Some huge prices are expected when Arthur Gray’s “KGV” International Large Gold Medal Exhibit collection goes under the hammer October 30th at mossgreen auctions in Melbourne - a merger of Charles Leski and Prestige Auctions essentially. 

I estimate that the invoice total of the sale when the Buyer Fee, GST taxes and credit card fees are added, will be approaching $A5 million. Not too shabby for the stamps of just one monarch’s era, from one country!  Indeed there are no KGV era Kangaroos here - they sold years back for $A7.15 million.

This sale is a combination of TWO of the many Arthur Gray collections – the “Australia KGV Definitive Stamps” and the “KGV Commemorative stamps”.

They earned TEN International Large Golds between them.  And many International Golds, and many top national awards too. Not bad for a bloke who had never exhibited until 17 years back.

 

 

An essential KGV colour reference.

 

 

Arthur passed away on May 22, and this sale was in the pipeline well before that.  A huge loss to the Stamp World globally, and a full summary of his stamp achievements and funeral is at - tinyurl.com/ArthurRIP

Many of the key items were shown in my column last month, and now extra photos are to hand, I am pleased to be able to share a few more with readers, as promised.  Much of this material we will not see offered again in our lifetime, I am sure.

 

Classy hard bound “Leather” Cat.

 

The superb Auction catalogues are a classy hard bound “leather” cover look, much like the Shreves “Arthur Gray Kangaroos”. Gary Watson advised me today they will cost $A100 plus postage, to mossgreen non-subscribers, who want one for reference, as production cost was very high.

I ordered a few cartons in, as they, like the Gray “Kangaroos”, will be stand-alone reference works for decades to come. Mine will also be the same $100 until the mossgreen stock is sold out. General auctioneers tend not to keep many extra copies of past sale catalogues.

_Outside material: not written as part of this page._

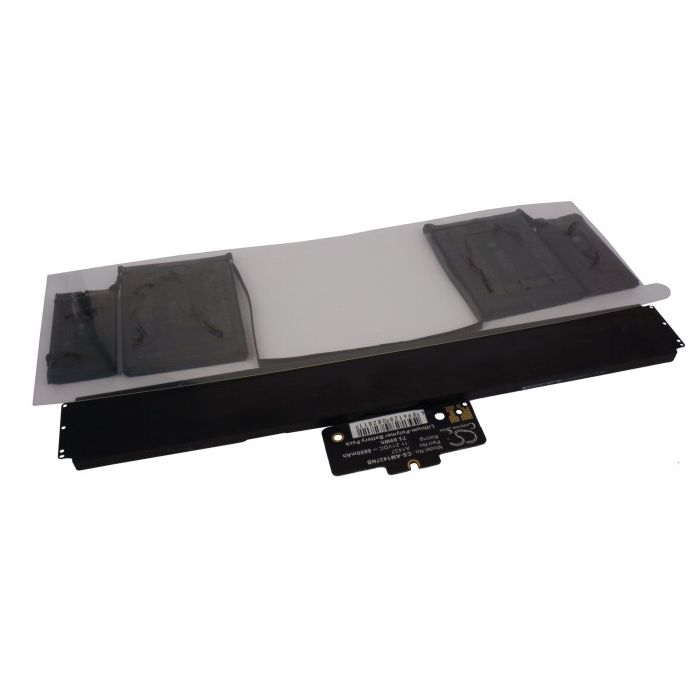 Macbook Pro 13 Retina (Late 2012 - Early 2013) akku 6600 mAh musta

I sell the “Kangaroos” for $150 as often as I source them, and to this day, 8 years on, use mine every week to look up something. These are essential reference books in their own right, so $A100 for the “KGV” is a very wise buy – indeed only $US70 to an American!   

 

New info on this block in Catalogue.

 

 

 Never assume ANY stamp auction website will be there in future. They disappear all the time due to closures and mergers etc.  All the fancy flip-book catalogues on the Charles Shreve website totally disappeared some years back, Gray “Kangaroos” sale included, so owning the printed catalogue is a MUST.

“KGV” at 270 pages in hardbound form, no other stamp auction catalogue from ANYWHERE globally is better quality. This is truly a “KGV” handbook, with large scans on every page.  When the prices realised pages are added, it will be an essential reference book to own.

 

More a “KGV Handbook”.

 

 The characteristically wordy Gary Watson describing style adds more than just catalogue numbers and condition notes to each lot. The detailed background data is often outlined nowhere else, and again makes this a “KGV handbook” as much as a sale catalogue,

This opus work has been underway for several months, and had input from many of the great minds on KGV material, and expert dealers, and I’d suggest no sale catalogue ever produced locally has had as much a varied contribution base as this one.

 

The different colour cancels explained.

 

 

For anyone not having a catalogue to hand, fortunately the entire sale is viewable on the Prestige Auctions website -  tinyurl.com/KGVGray - I personally find the software used there a LOT easier to navigate and find than the art auction based mossgreen site.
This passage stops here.